Why do we need to do this

Google has yet not reached a point where it can assess the quality or relevancy of an image based on the image alone. It must instead examine the file name, alt text, title, description and caption etc in an image in order to figure what an image is all about and then decide on its rankings in the search engine.

What does this mean

While image analysing technology has come a long way Google still can’t figure out what an image is really all about so it relies on the various pieces of text associated with a photo in order to figure out how to rank images in Google.

What do I do: First do some keyword research and find the keywords that are the most appropriate to your hotel or activities that will bring guests to your hotel and use this exact phrase for your photos.

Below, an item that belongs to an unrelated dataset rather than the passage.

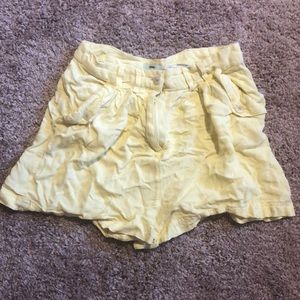 Cute yellow Flowy Shorts!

For example if your image is the kids swimming pool in the Park Hotel and Google Keyword Planner says “swimming pool for kids” and “Park Hotel” are good keywords we would use them in our image text.

What to do:
Always use the hotel name at the start.
Place keywords in the file name, alt text, title, description and caption of an image.
Limit alt text to 150 characters.
Put strongest keywords at the start.
Place your town or city in the text.
Always use © symbol at end.
Shrink resolution to minimise download speed.

What not to do:
Don’t use underscores, +signs, or Camel Casing in file names.
Leave out non keywords such as “the”, “a”, “she”.
Put – in between words so that search engines can differentiate words.
Do not use generic words like “hotel pool”.

So our text will be “Park-Hotel-Dublin-swimming-pool-for-kids©” in this case.